The end result of all these passive/aggressive machinations is that you are 4 drinks down and have only seen 2 drinks benefit (and late friend has ordered a gin and tonic, typically). Your only option is to stick it out for another two drinks, and hope smug and late don’t wimp out of their commitments. By this point you are four pints down, and have entered the Bizarro World stage of the evening.

“Stupid Humans eat a healthy nutritious meal before going to bed at a reasonable hour! Here at 11pm on a Wednesday night world we eat fried chicken and go to dubious establishments with late licences, before falling asleep on last train home!”

Eventually you make it home, waking up your wife, cats and child in the process which means you start the next day with a negative balance of goodwill. You also start it with a wounded disbelief at why your alarm clock is going off when it’s clearly still the middle of the night. That is, of course, if you manage to avoid the vicious circle of waking up too early, then worrying that you’ve woken up too early and being unable to get back to sleep due to this worry (and the fact that you have the first line of Leggy Blonde by Flight of the Conchords stuck in your head). However it happens, it happens that the healing embrace of sleep is replaced by the unforgiving slap of so-called reality.
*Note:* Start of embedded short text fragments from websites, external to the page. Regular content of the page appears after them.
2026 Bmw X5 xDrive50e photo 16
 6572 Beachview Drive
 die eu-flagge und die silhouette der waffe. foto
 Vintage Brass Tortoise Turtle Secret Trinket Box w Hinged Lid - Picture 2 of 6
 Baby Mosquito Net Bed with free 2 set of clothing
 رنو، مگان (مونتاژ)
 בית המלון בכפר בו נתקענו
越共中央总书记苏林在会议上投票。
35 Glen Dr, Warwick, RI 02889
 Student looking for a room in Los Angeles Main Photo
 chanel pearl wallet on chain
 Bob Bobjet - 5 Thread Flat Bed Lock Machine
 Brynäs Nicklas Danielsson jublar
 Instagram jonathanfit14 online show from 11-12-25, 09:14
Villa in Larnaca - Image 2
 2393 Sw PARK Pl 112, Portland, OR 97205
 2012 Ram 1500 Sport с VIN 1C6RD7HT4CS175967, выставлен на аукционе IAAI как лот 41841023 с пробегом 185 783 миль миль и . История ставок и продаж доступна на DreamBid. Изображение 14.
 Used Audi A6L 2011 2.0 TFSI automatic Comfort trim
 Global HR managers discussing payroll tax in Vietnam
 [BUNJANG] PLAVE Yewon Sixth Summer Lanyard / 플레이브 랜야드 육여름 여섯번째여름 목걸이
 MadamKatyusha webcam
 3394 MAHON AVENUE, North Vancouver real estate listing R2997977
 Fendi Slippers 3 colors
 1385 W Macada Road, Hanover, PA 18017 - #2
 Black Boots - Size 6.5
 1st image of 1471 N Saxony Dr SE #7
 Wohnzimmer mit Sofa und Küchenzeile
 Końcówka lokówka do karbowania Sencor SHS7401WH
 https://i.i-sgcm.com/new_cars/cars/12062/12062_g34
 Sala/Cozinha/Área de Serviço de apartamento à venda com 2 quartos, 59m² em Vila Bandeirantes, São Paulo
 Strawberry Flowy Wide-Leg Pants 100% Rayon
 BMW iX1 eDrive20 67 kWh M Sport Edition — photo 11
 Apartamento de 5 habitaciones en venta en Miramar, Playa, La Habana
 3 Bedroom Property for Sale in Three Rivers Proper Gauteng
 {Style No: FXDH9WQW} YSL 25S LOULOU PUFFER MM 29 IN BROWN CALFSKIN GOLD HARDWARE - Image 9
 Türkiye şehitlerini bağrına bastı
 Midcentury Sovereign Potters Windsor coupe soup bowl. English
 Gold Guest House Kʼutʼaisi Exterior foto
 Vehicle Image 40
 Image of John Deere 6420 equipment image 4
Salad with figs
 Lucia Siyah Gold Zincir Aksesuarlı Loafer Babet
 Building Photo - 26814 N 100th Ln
At first it doesn’t seem too bad. Despite previous experience you think that this time, somehow, you’ve gotten away with it. It’s not until you’re safely ensconced at your desk that Har-Garr the Morning After Beast strikes with his full might. A hangover, when carefully nurtured and indulged with enough ginger beer and time spent on the sofa can, like giving birth, be a joyous experience. Stick it in front of a computer with nothing but the prospect of 8 hours of spreadsheets to look forward to and it becomes more akin to a breach birth whilst stuck in an elevator with only Zach from Saved by the Bell to assist.

You eventually make it, bloody and bruised, to lunch time and yet again taking a distinctly Humean approach to experience you decide that a big pile of junk food will be just the ticket for sorting you out. You are wrong, as you will shortly discover. The combination of too much greasy food and a ravaged digestive system is total annihilation, and I have yet to experience a workplace bathroom in which the inevitable results are entirely free of some kind of trauma.

And so the clocks refuse to move, your head refuse to stop pounding and your work refuses to just do itself for a change. It’s hell, nor are you out of it. Until you are, of course. The birth analogy is once again useful here because when you make it to the end of the day you solemnly vow to never do it again, but time smudges the horror and buffs the benefits and eventually there you are again, quietly sobbing into our keyboard whilst praying that none of your co-workers notice the congealed kebab stench.

Now, a confession. Though I have used ‘you’ throughout the piece I could just have easily used ‘I’ for, you see, I too have experienced the thrilling high and crippling lows of being drunk on a Tuesday night. It is not worth it. If you simply must drink alcohol outside the permitted time zones my advice is this, do it during the day at work, that way you can sober up by the time you go to bed and avoid the hangover completely.